NiCads have about half the self-discharge of NiMH, or about 15% a month. Lithium have the lowest rate of self-discharge, at about 10% a month. (NOTE: lithium batteries that are not rechargeable employ various technologies to reduce the self-discharge further, making them suitable for EPIRBs, emergency flashers and more).
Being stored at higher temperatures will make the self-discharge problem worse; lithium batteries in particular do not like heat (keeping them in a hot location is about the quickest way to destroy them). Both NiCads and Li have bigger problems with self discharge when fully charged; thus they should be discharged about halfway before being stored.
- Rate of Charge/Discharge. NiCads can take a fast charge and fast discharge, while Li and NiMH do better with slower charging. Both NiCad and Li are good in applications such as power tools that don’t tolerate a voltage drop well (that is, you want your cordless drill or vacuum to have full power when you use it, even if the battery is partially discharged).
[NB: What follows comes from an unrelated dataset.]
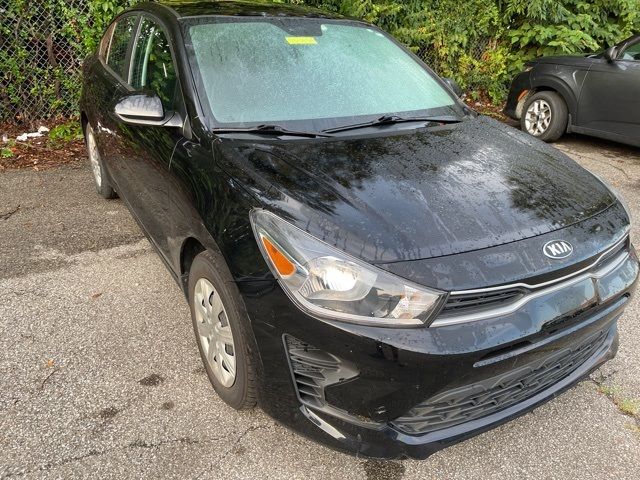 2021 Kia Rio LX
Metal hydrides are better in high-drain devices such as most electronics.
While designations such as “AA” or “D” refer to a battery size and voltage, different brands/models will vary by battery capacity, which is expressed in amp-hours or, for small batteries, milli-amp-hours (mAH or mAh). Bigger numbers mean that you go longer before recharges, and bigger will likely have a longer useful life as it will still provide sufficient power even as it loses some capacity due to age.
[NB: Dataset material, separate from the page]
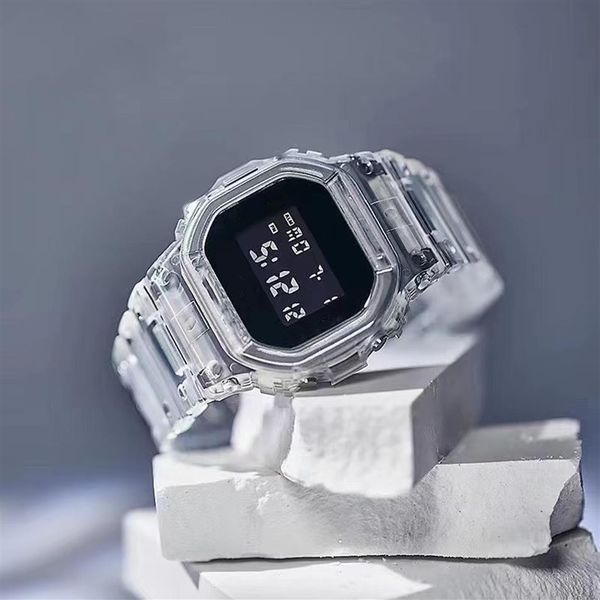 sports men's 2100 700 quartz watch led digital display waterproof and shockproof world time transparent 34h, Slivery;brown
sports men's 2100 700 quartz watch led digital display waterproof and shockproof world time transparent 34h, Slivery;brown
- Lithium batteries typically weight 20 to 35% less than comparable NiCad or NiMH batteries. For power tools, this can be a deciding factor!
- Li and NiMH batteries are much more environmentally friendly when they reach the end of their useful life: NiCads contain cadmium, a very toxic heavy metal.
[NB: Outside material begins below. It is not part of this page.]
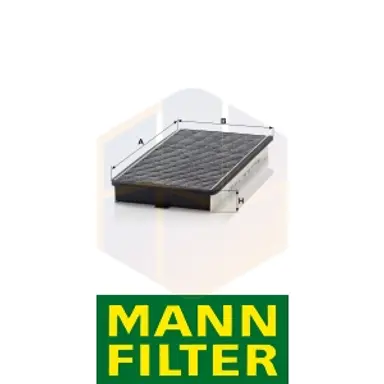 FILTRO HABITÁCULO CUK 3340 MANN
- Lithium rechargeables cost about 3 times as much as NiCads and NiMHs.
- Always check to make sure that the batteries you are buying are compatible with the charger you’ll be using — the wrong one can harm the battery, not provide a charge or, in rare instances, cause a battery to explode.
Over and over, I read that heat is the biggest enemy of batteries. While you can’t change the weather, at least try to store your batteries in the coolest possible location. If you store your boat in a hot climate for the summer, consider taking anything with batteries home with you. I know, it’s not always possible. But if you leave them in a hot boat, realize that you cannot expect “normal” life from them.
Running a Charger on an Inverter
One last thing about rechargeable batteries, and it’s important. If you run the chargers off an inverter (as opposed to a 12-volt charger running off a cigarette lighter plug), it’s much, much better to have a pure sine wave inverter. Using a modified sine wave inverter can both damage the charger and poorly charge the batteries.
We totally destroyed the charger for a nice set of power tools the first time we tried to use it on a modified sine wave inverter, a very expensive lesson made even worse by the fact that we couldn’t get a replacement for nearly three months. Read more about pure sine wave inverters vs. modified sine wave inverters.
Pure sine wave inverters used to be frightfully expensive but have come down in price considerably in the past 10 years. If you’re in the market for an inverter, I’d spend the extra for a pure sine wave as not just battery chargers, but all electronics and variable speed motors will run much better on it.